What the task asks - What's needed is an exact copy of all the data below, without pictures.

Data extract -
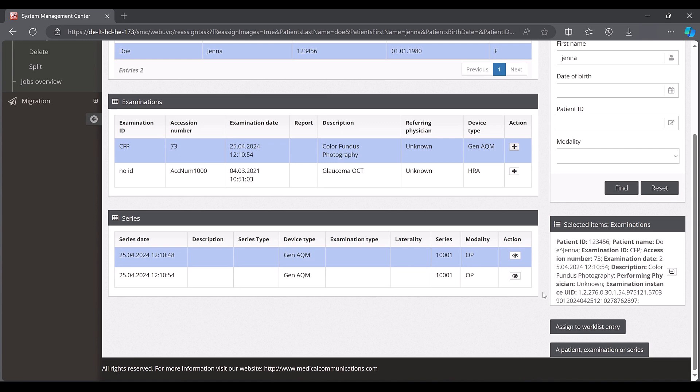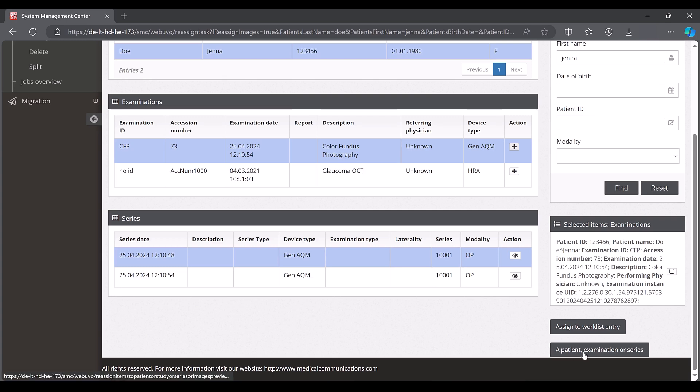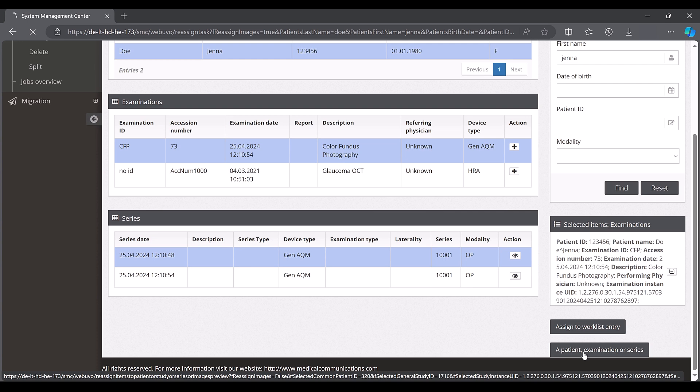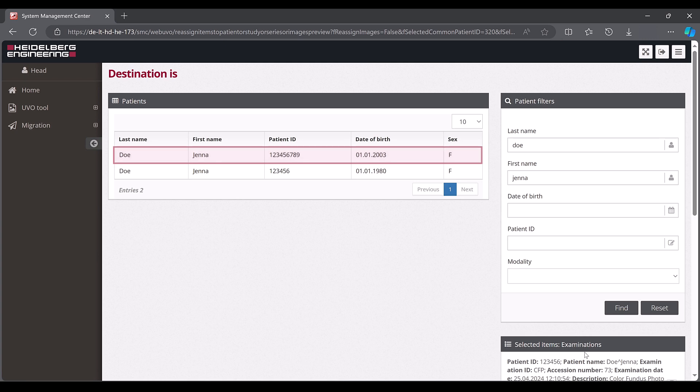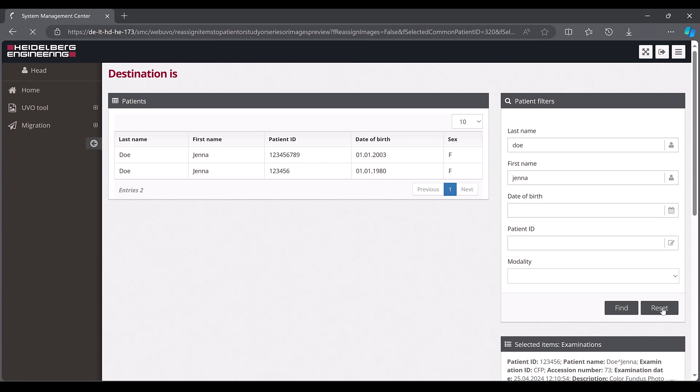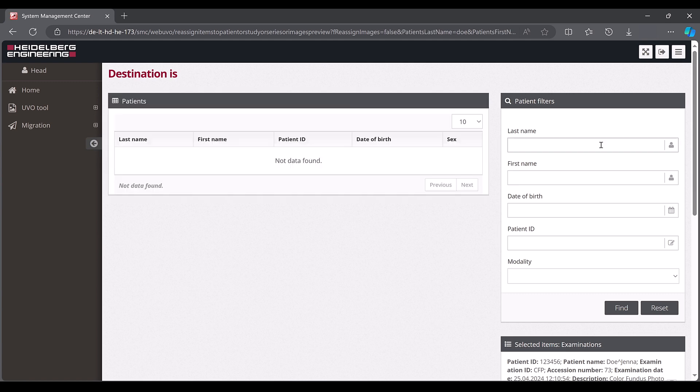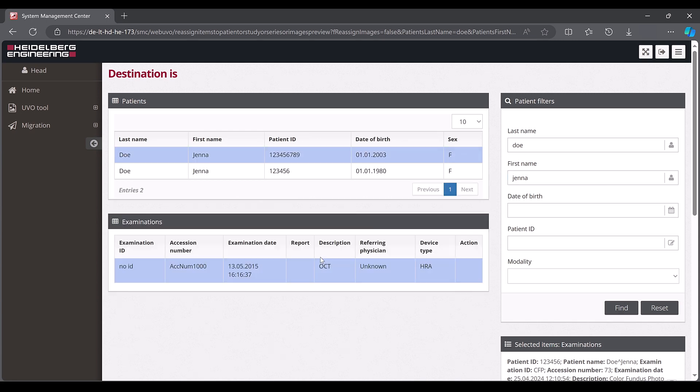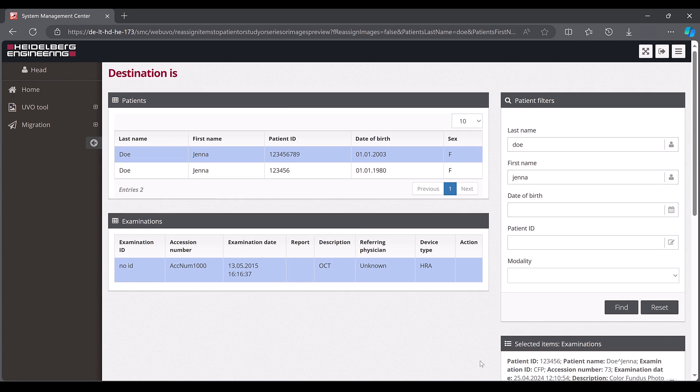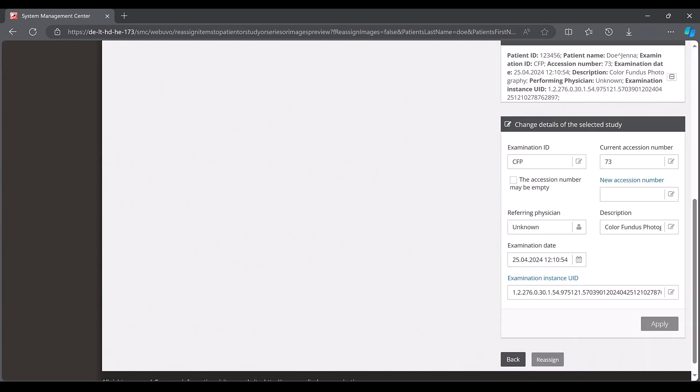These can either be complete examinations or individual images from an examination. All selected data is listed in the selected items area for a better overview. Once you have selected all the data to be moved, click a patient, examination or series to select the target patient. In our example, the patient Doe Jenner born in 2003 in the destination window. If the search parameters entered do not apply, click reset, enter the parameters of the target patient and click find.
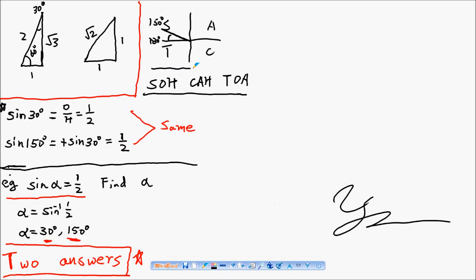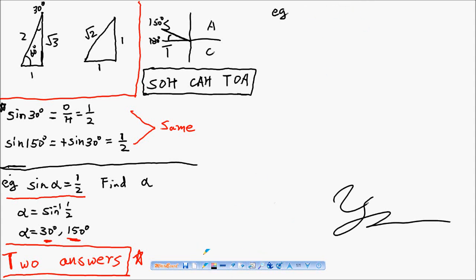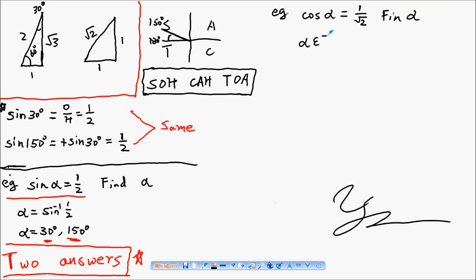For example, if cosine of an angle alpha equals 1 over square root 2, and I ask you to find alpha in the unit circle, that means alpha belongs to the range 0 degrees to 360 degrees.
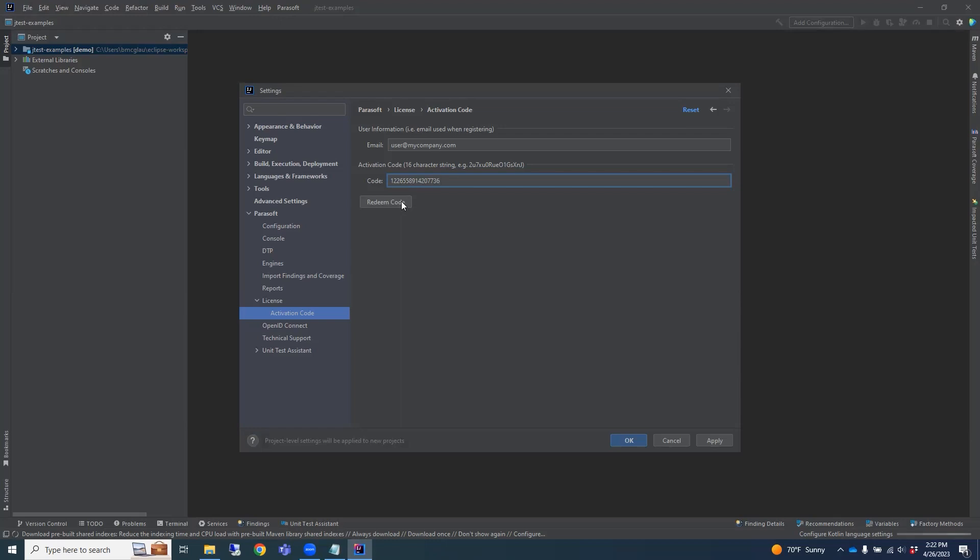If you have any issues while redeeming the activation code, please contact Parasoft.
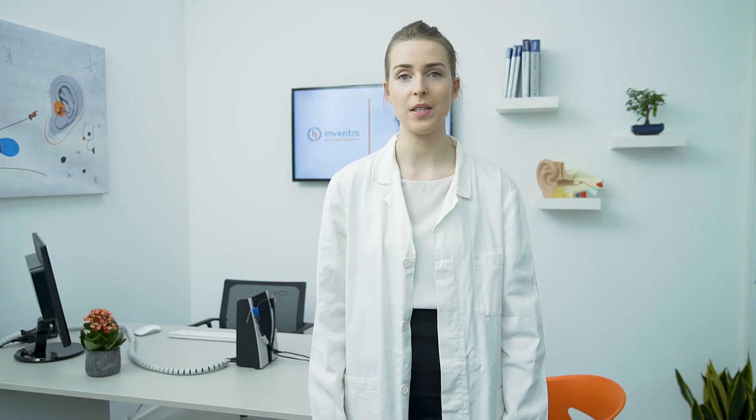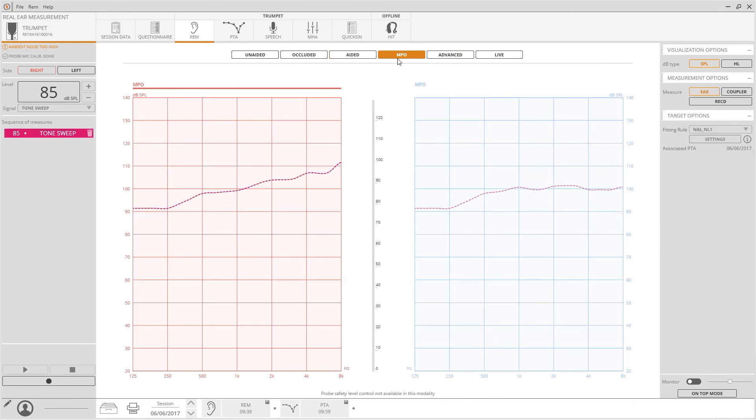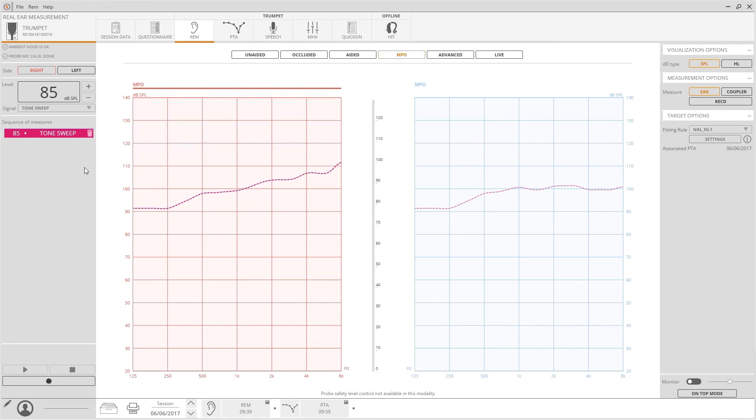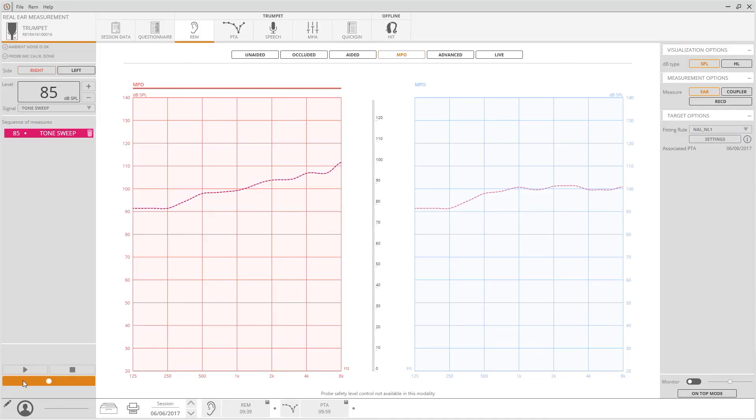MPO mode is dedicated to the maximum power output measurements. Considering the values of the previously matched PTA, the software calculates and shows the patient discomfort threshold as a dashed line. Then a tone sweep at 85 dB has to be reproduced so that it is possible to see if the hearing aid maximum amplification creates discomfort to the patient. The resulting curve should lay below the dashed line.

Exercise result -
These can either be complete examinations or individual images from an examination. All selected data is listed in the selected items area for a better overview. Once you have selected all the data to be moved, click a patient, examination or series to select the target patient. In our example, the patient Doe Jenner born in 2003 in the destination window. If the search parameters entered do not apply, click reset, enter the parameters of the target patient and click find.
For example, if cosine of an angle alpha equals 1 over square root 2, and I ask you to find alpha in the unit circle, that means alpha belongs to the range 0 degrees to 360 degrees.
If you have any issues while redeeming the activation code, please contact Parasoft.
MPO mode is dedicated to the maximum power output measurements. Considering the values of the previously matched PTA, the software calculates and shows the patient discomfort threshold as a dashed line. Then a tone sweep at 85 dB has to be reproduced so that it is possible to see if the hearing aid maximum amplification creates discomfort to the patient. The resulting curve should lay below the dashed line.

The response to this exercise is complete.